=== The data ===
((
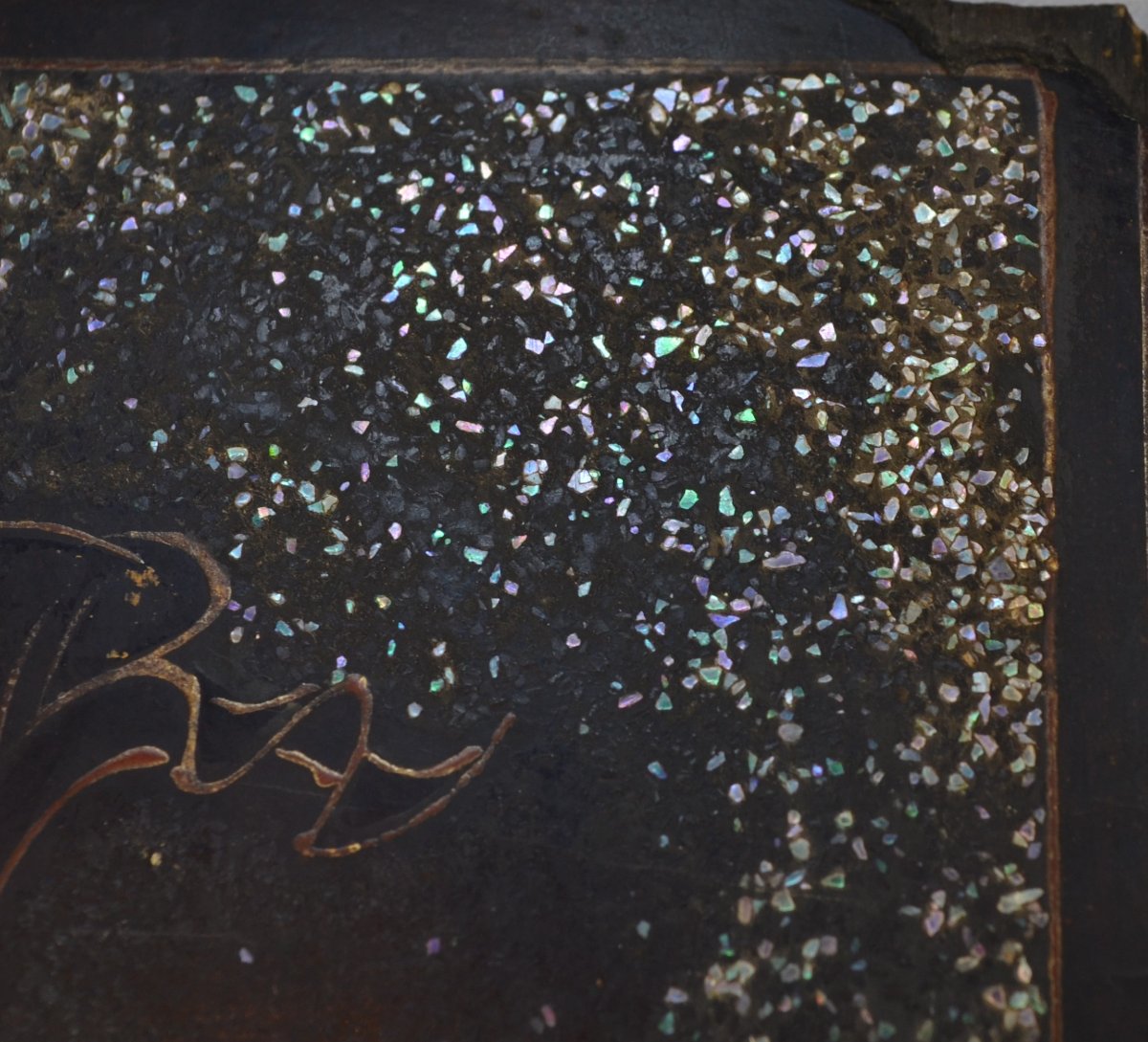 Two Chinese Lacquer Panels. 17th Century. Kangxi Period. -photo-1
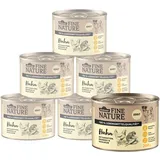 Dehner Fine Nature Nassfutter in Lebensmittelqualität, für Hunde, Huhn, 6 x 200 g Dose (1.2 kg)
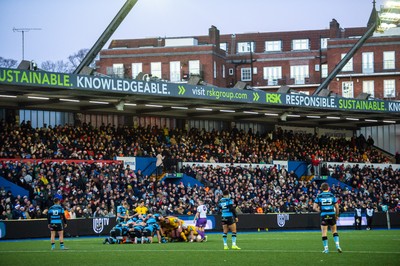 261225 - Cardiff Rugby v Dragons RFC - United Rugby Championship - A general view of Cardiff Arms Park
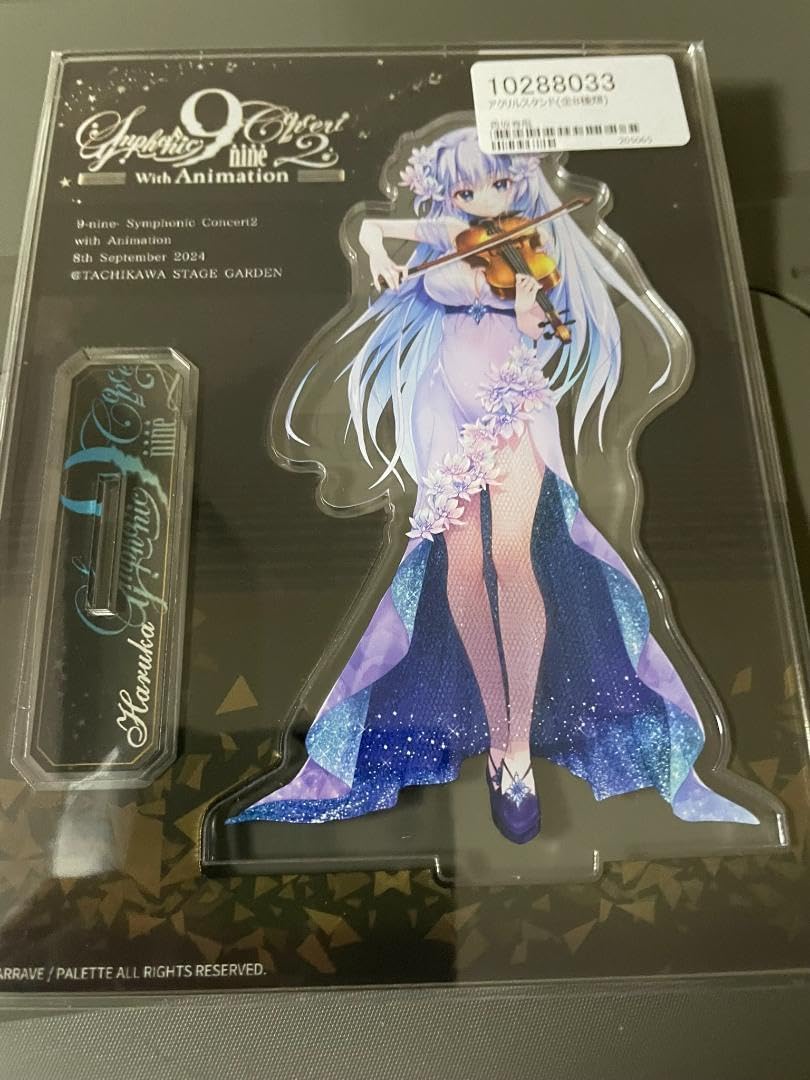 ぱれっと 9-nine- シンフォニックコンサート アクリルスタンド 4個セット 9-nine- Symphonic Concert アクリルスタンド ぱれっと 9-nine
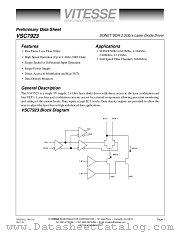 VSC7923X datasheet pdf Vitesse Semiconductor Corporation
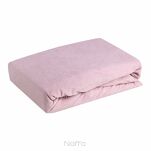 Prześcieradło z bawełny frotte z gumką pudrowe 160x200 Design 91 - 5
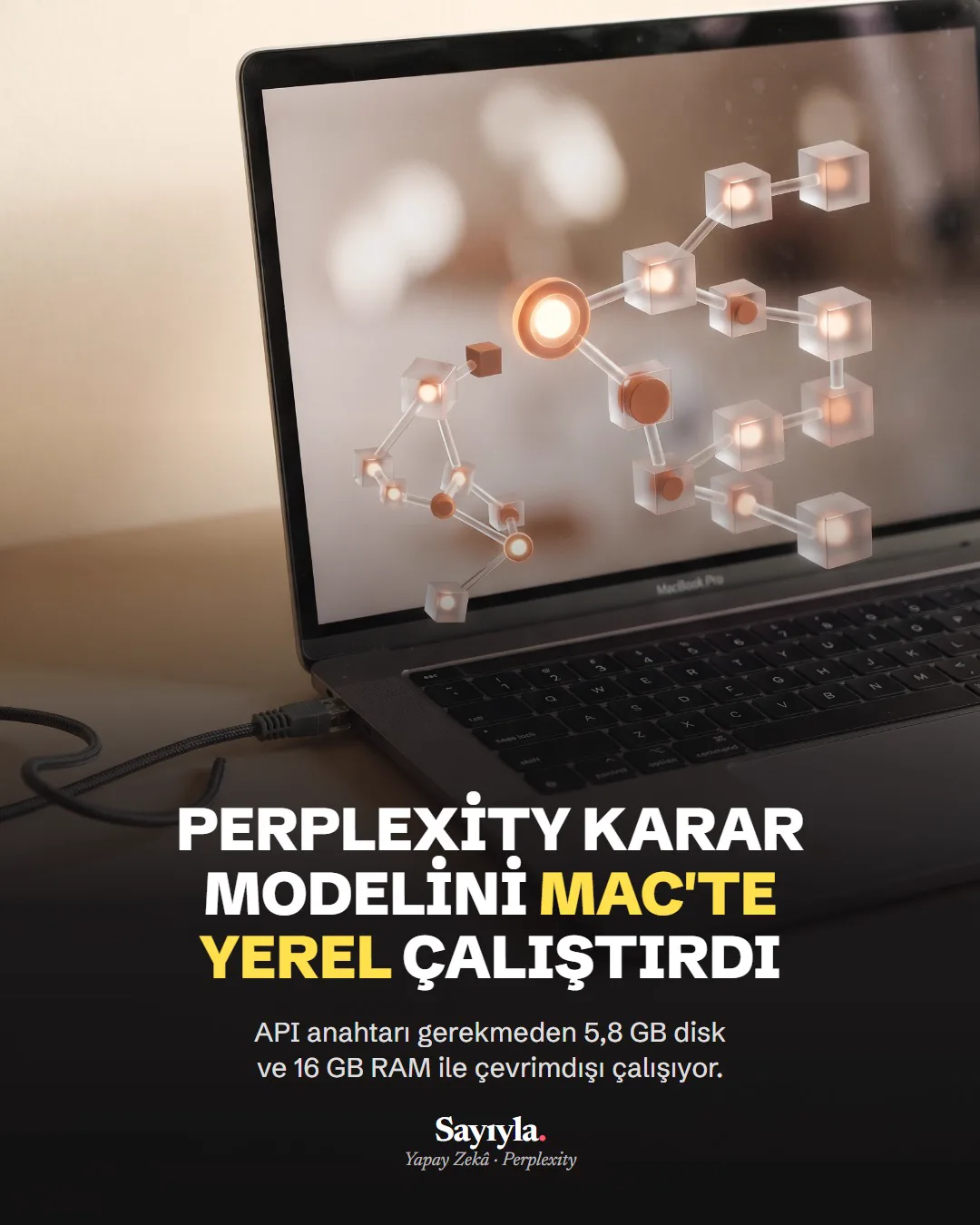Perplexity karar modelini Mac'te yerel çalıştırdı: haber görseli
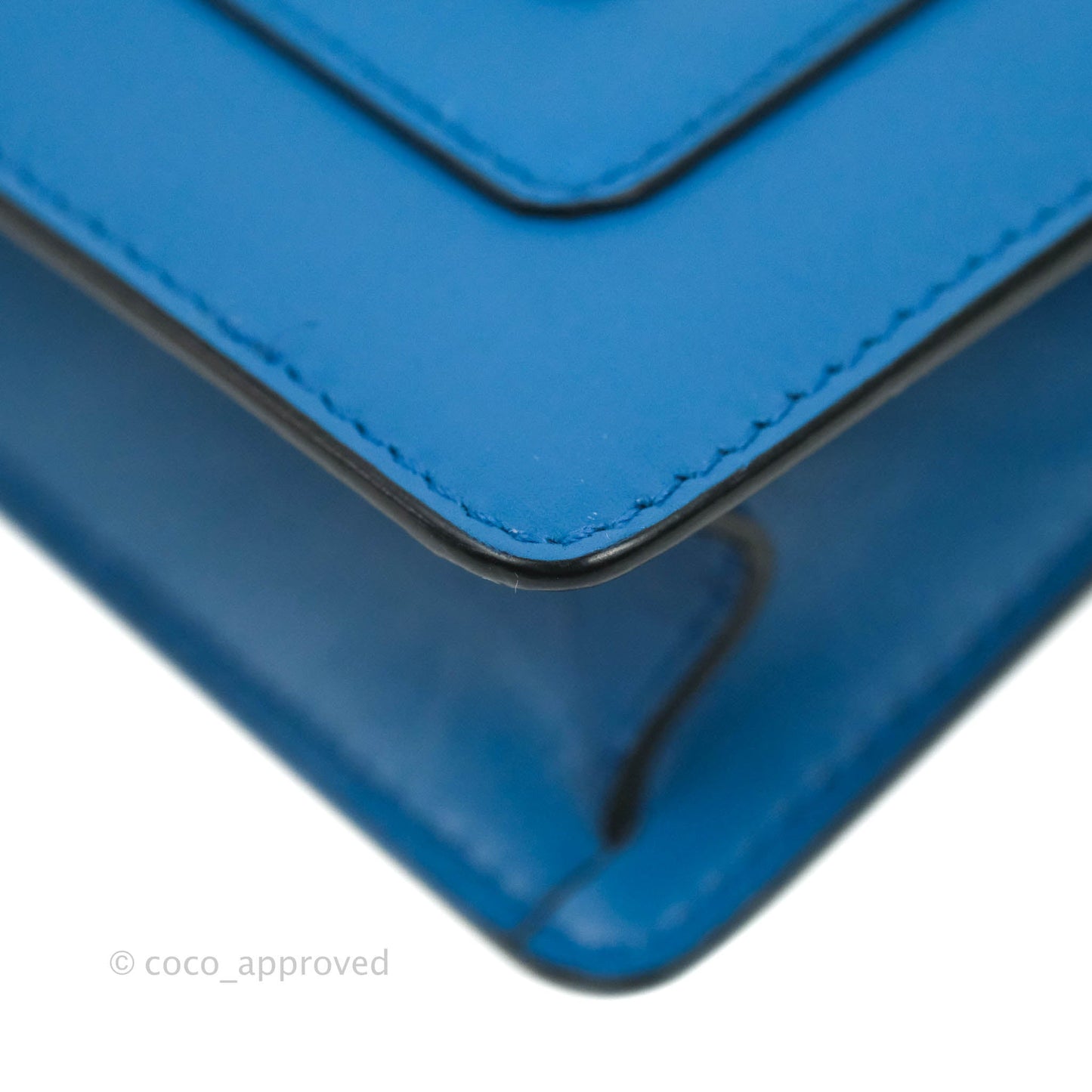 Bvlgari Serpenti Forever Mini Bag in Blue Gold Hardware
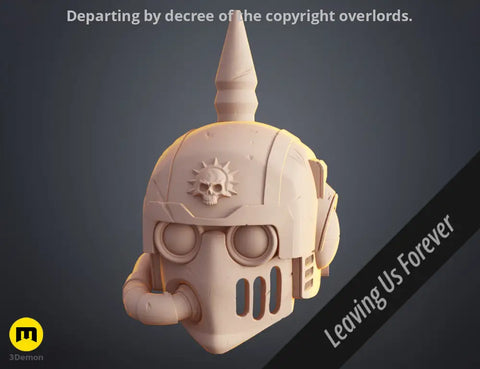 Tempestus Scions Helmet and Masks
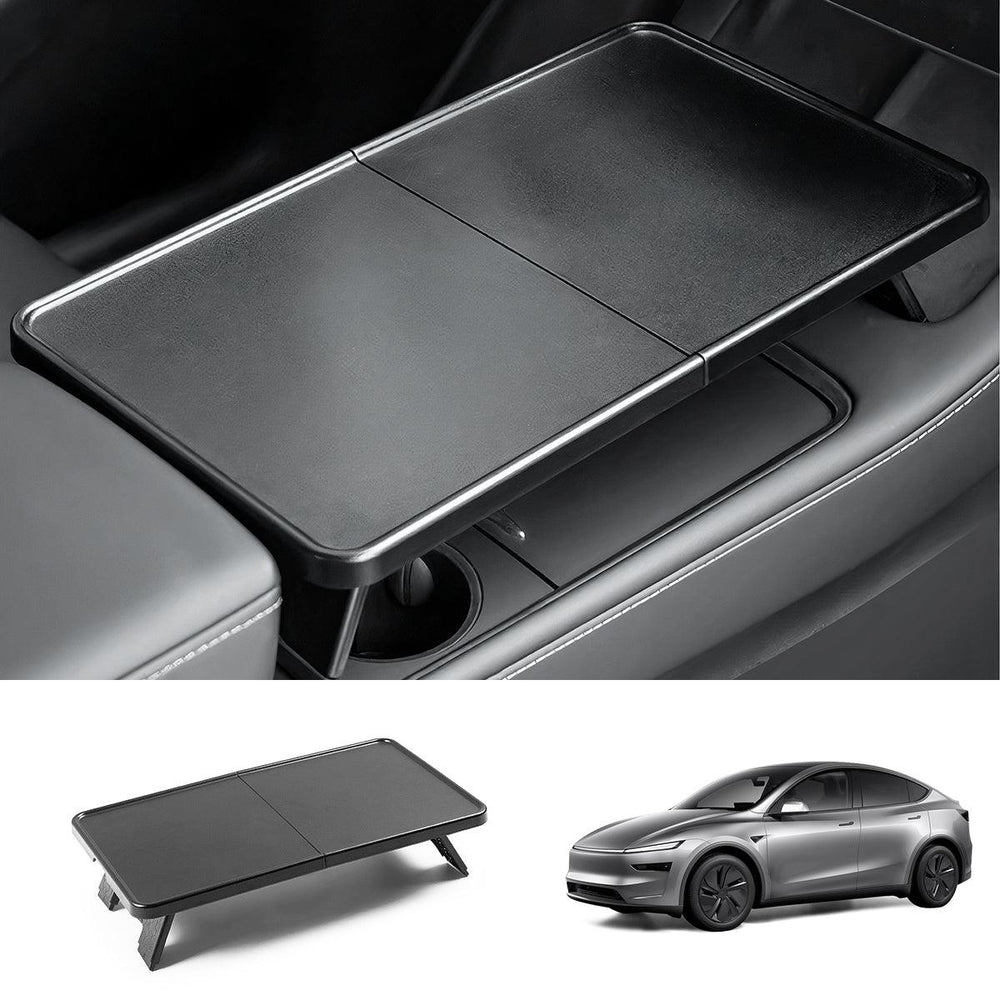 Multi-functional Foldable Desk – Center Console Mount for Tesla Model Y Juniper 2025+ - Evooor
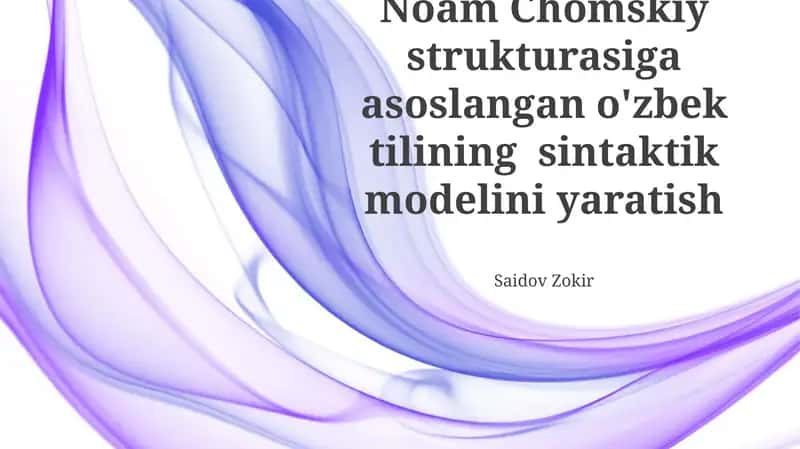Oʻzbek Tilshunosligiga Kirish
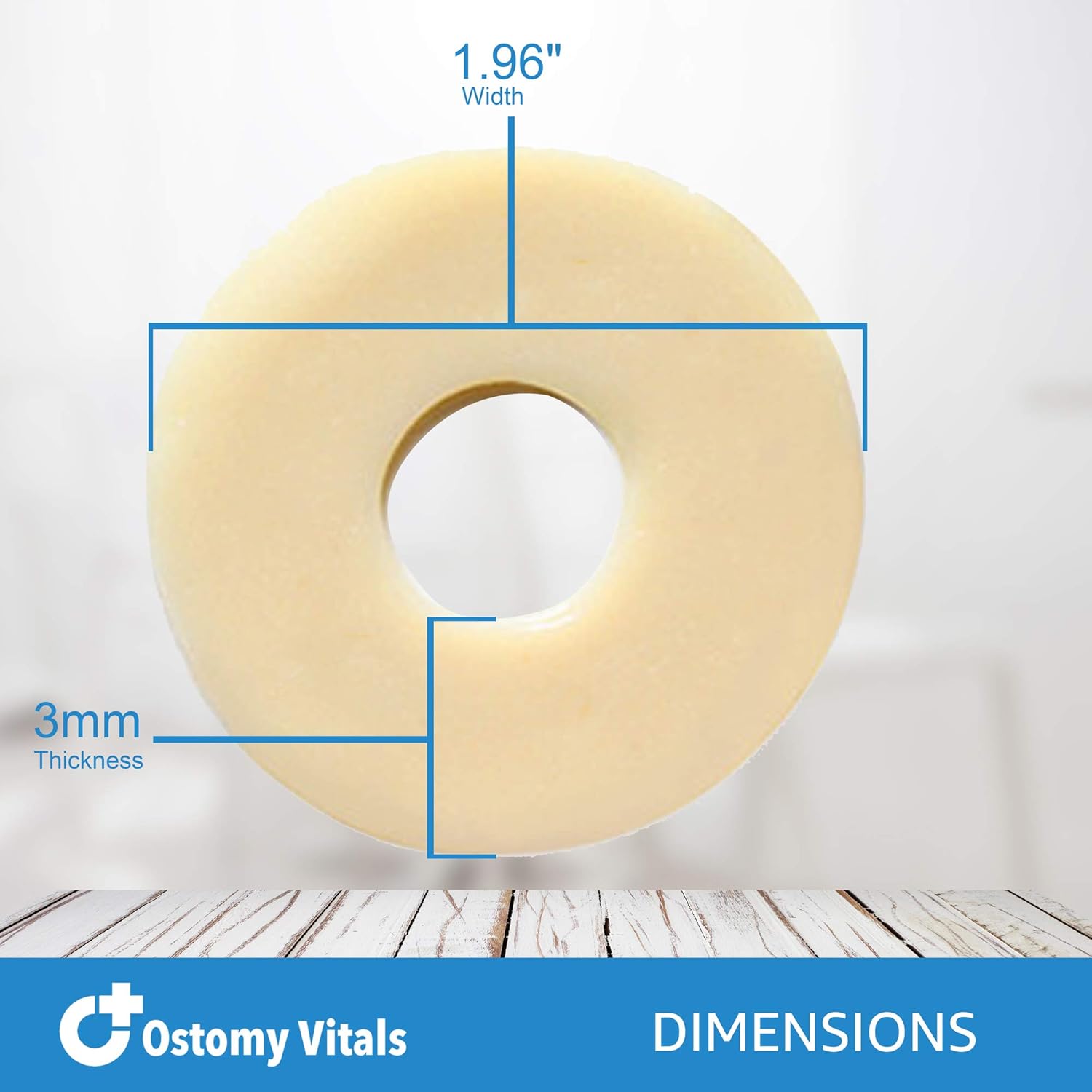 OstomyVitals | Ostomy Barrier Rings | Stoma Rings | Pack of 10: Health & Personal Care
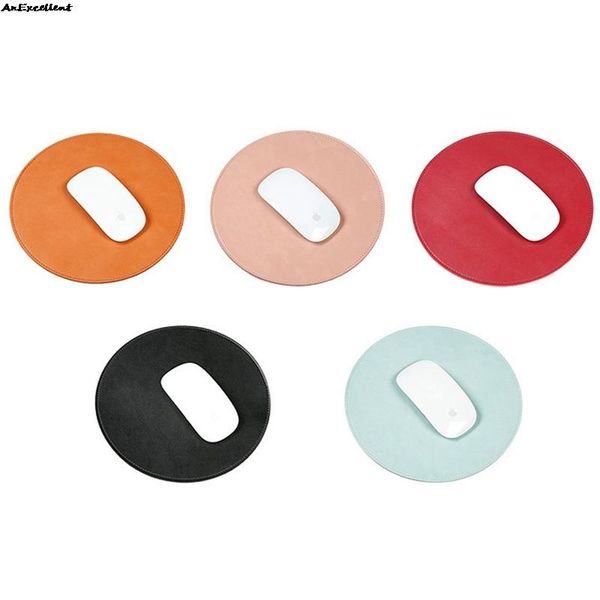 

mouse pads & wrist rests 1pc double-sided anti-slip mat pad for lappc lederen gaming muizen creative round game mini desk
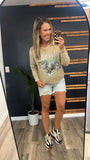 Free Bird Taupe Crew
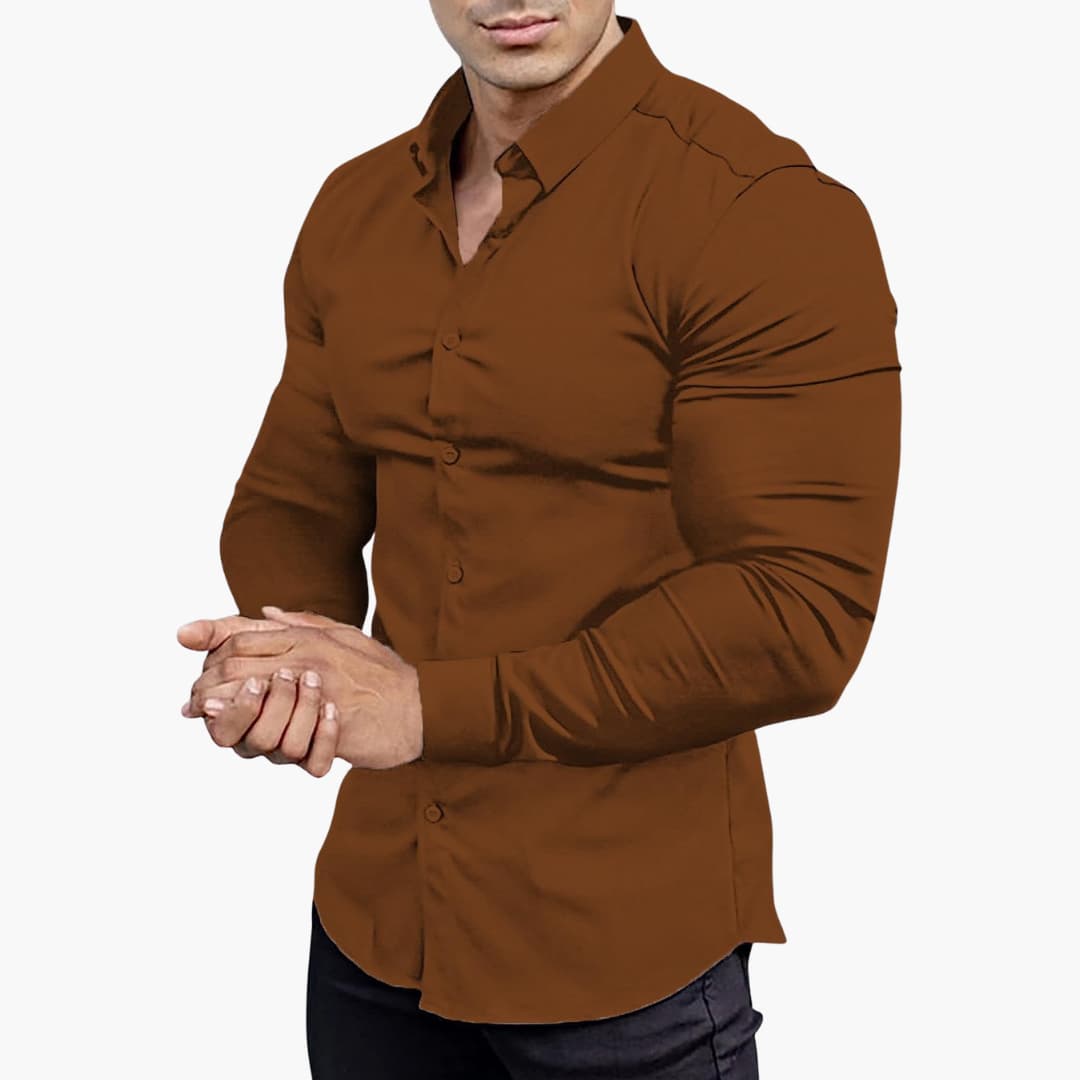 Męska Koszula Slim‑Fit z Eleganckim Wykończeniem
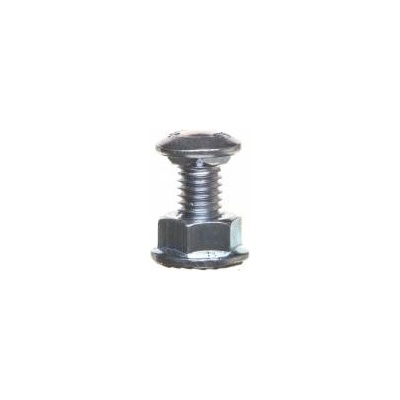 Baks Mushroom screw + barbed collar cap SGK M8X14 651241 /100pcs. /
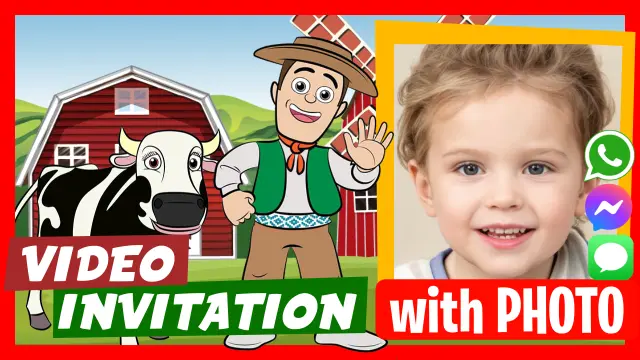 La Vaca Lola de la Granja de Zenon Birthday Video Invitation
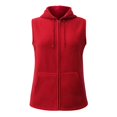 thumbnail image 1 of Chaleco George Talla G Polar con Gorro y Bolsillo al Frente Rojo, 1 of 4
))
=== Try it ===
Set down word for word, from the line that contains "ぱれっと 9-nine- シンフォニックコンサート" to the end of the listing above, every line and no picture.

=== Task response ===
 ぱれっと 9-nine- シンフォニックコンサート アクリルスタンド 4個セット 9-nine- Symphonic Concert アクリルスタンド ぱれっと 9-nine
 VSC7923X datasheet pdf Vitesse Semiconductor Corporation
 Prześcieradło z bawełny frotte z gumką pudrowe 160x200 Design 91 - 5
Perplexity karar modelini Mac'te yerel çalıştırdı: haber görseli
 Bvlgari Serpenti Forever Mini Bag in Blue Gold Hardware
 Tempestus Scions Helmet and Masks
 Multi-functional Foldable Desk – Center Console Mount for Tesla Model Y Juniper 2025+ - Evooor
Oʻzbek Tilshunosligiga Kirish
 OstomyVitals | Ostomy Barrier Rings | Stoma Rings | Pack of 10: Health & Personal Care

mouse pads & wrist rests 1pc double-sided anti-slip mat pad for lappc lederen gaming muizen creative round game mini desk
 Free Bird Taupe Crew
 Męska Koszula Slim‑Fit z Eleganckim Wykończeniem
 Baks Mushroom screw + barbed collar cap SGK M8X14 651241 /100pcs. /
 La Vaca Lola de la Granja de Zenon Birthday Video Invitation
 thumbnail image 1 of Chaleco George Talla G Polar con Gorro y Bolsillo al Frente Rojo, 1 of 4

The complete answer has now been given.